The Vacuum Tube Saga, Part VI

Remember when Gen. Chilton brought an old-school vacuum tube to a meeting with the Wall Street Journal and reportedly suggested that this technology cannot be replaced without building new nuclear warheads?  Remember when Jeffrey Lewis and I argued that vacuum tubes have nothing to do with the RRW debate?  Remember when Gen. Chilton told Global Security Newswire’s Elaine Grossman that we were “confused, frankly” (i.e. we didn’t know what we were talking about)?  Remember when John Harvey, the former head of NNSA’s policy planning staff, and the Washington Times’ Bill Gertz revealed that it was Gen. Chilton who was in fact confused?  Of course you do!  Well, the saga continues.  

Via friend of NoH Nick Roth, Energy Secretary Steven Chu and NNSA Administrator Tom D’Agostino honored the Kansas City Plant’s 60-Year anniversary at DoE headquarters yesterday (the Kansas City Plant produces the non-nuclear components for U.S. nuclear weapons).  Both Chu and D’Agostino were presented with “historic” artifacts to commemorate the occasion.  Chu’s plaque contained, wait for it, two “1960s-era” vacuum tubes and the “RF-IC based multi-chip module” (i.e. a modern semiconductor device).  Head over to NNSA’s website for a video (yes a video; wonkporn at its finest!) of the event. *For the record, D’Agostino was presented with an “orginial watch clock key” which security patrol would use to document entry into and exit from secure areas during the first few decades of the U.S. nuclear weapons complex.

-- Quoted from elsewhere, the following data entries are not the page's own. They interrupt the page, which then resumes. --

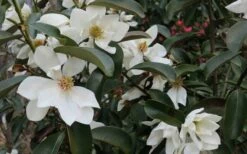 Eternal Spring Magnolia - 3 Gallon Pot -Wilson Bros Gardens Shop magnolia laevifolia x20m maudiae20 eternal spring 7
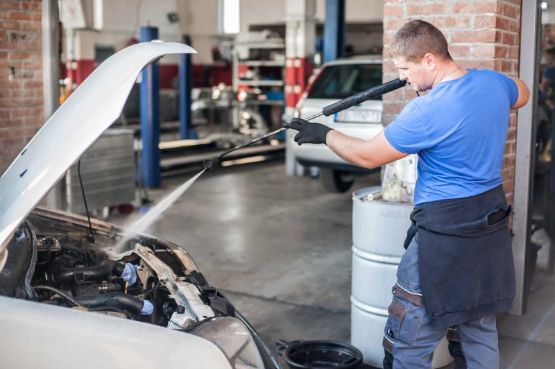 Marderbiss am Auto vermeiden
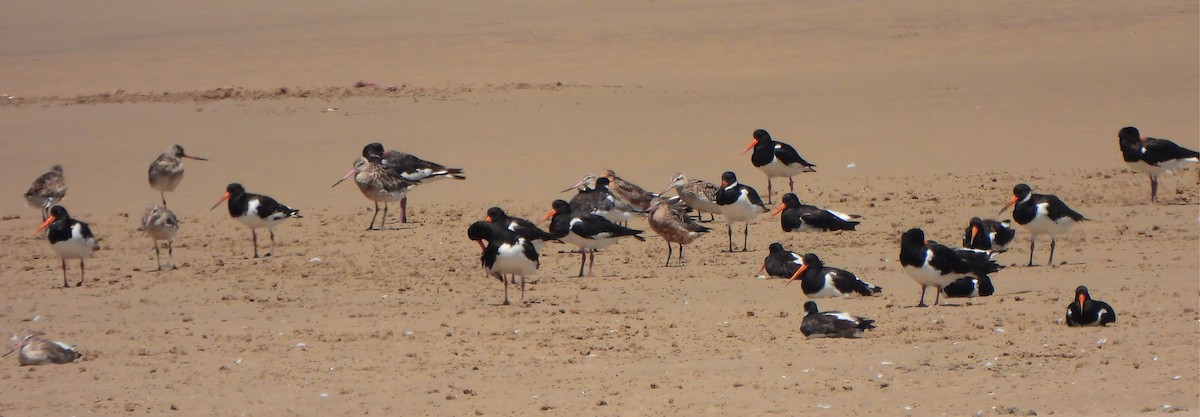 Eurasian Oystercatcher - ML604580711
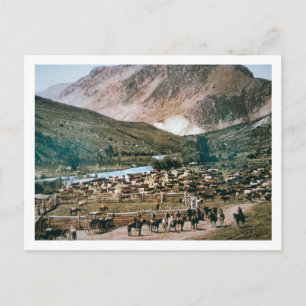 Cattle Ranch, Colorado, 1899 (photo) Postcard
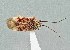 (Taedia nicholi - UAIC1135569)  @11 [ ] by (2021) Wendy Moore University of Arizona Insect Collection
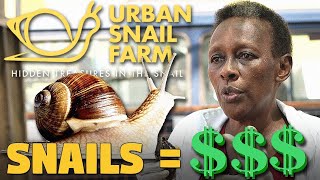 I Bet You Had No IDEA That Snail Farming Could Make You Rich in Uganda (Urban Snail Farms) screenshot 3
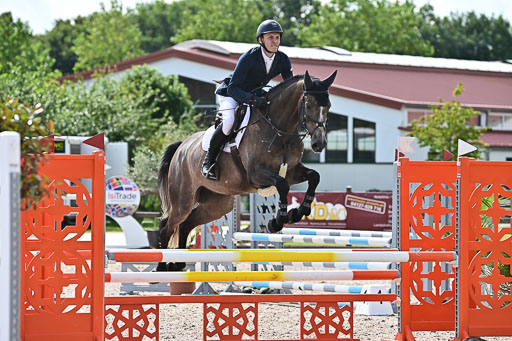 Klein Offenseth  - Hengststation Hell  28.07.2025 | 28072025 Springpferde A_046 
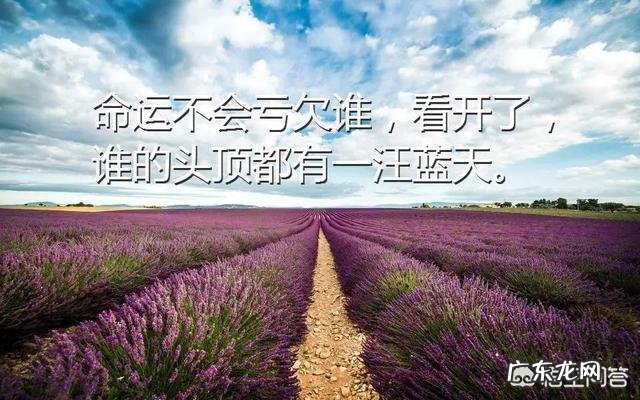 有哪些鼓励别人走出烦恼的句子？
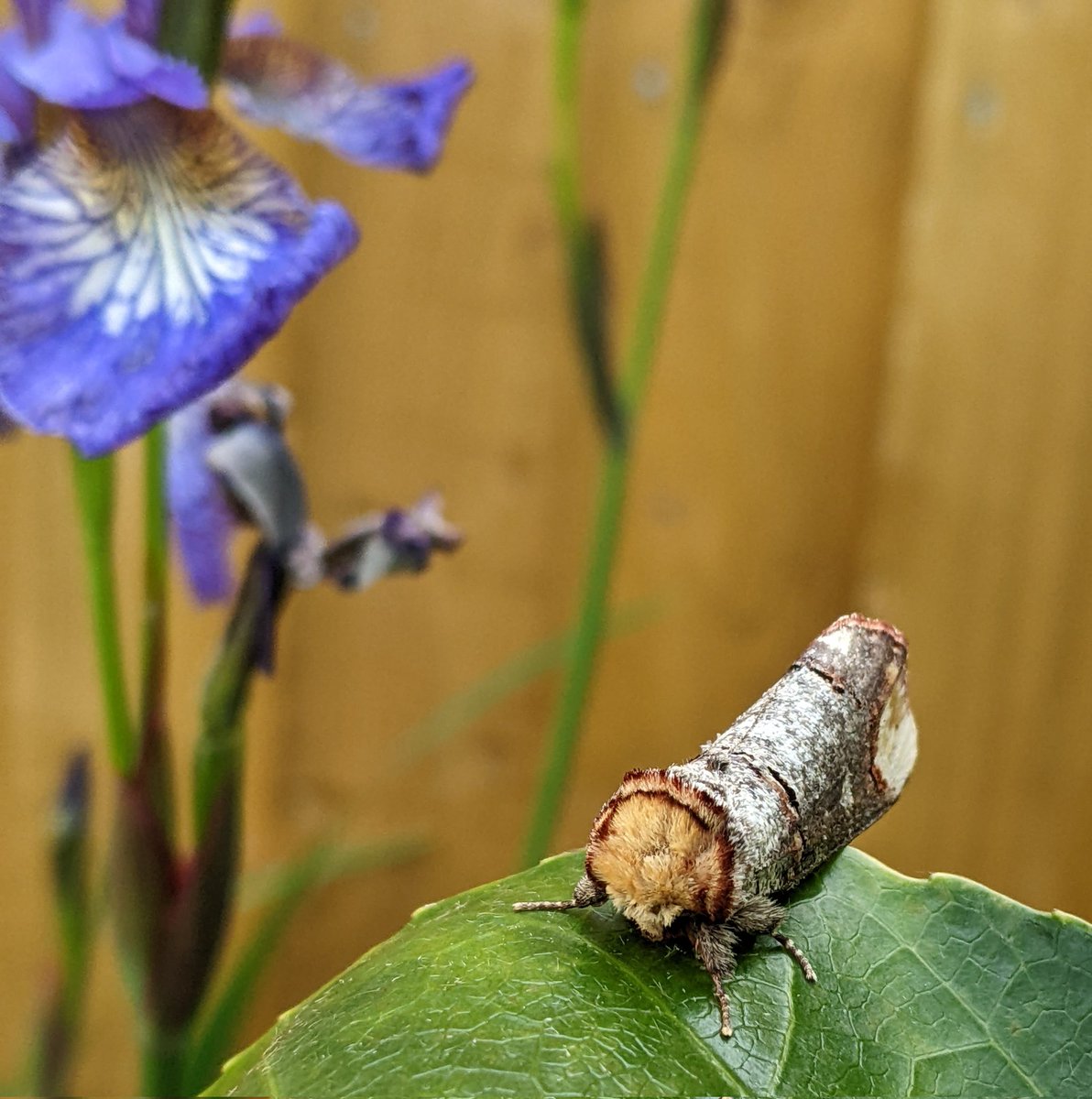 JHGS_Science's tweet photo. What's a twig doing on a leaf?
It is in fact a very clever buff tip moth trapped at JHGS Science HQ! 
 #mothnight2022 @MothNight @BBOWT https://t.co/kRGE36lYSV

In presenting Chu’s plaque, Kansas City Plant officials stated that it

“contains…1960s-era vacuum tubes from the B61 radars that are currently deployed in today’s stockpile.  Next to it is the RF-IC based multi-chip module for the next generation radar applications.  The use of the new technology will greatly reduce the radar size and manufacturing cost while improving its reliability.” [emphasis mine]

So now the Kansas City Plant is also on record as stating that vacuum tubes are in “the B61 radars” (actually only some of the B61 radars).  The radar, you will recall, is a non-nuclear component located outside the physics package.  Methinks its long past time for Gen. Chilton to either admit that he misspoke in suggesting vacuum tubes can only be replaced via an RRW-like approach or declare that the Wall Street Journal grossly misinterpreted what he said.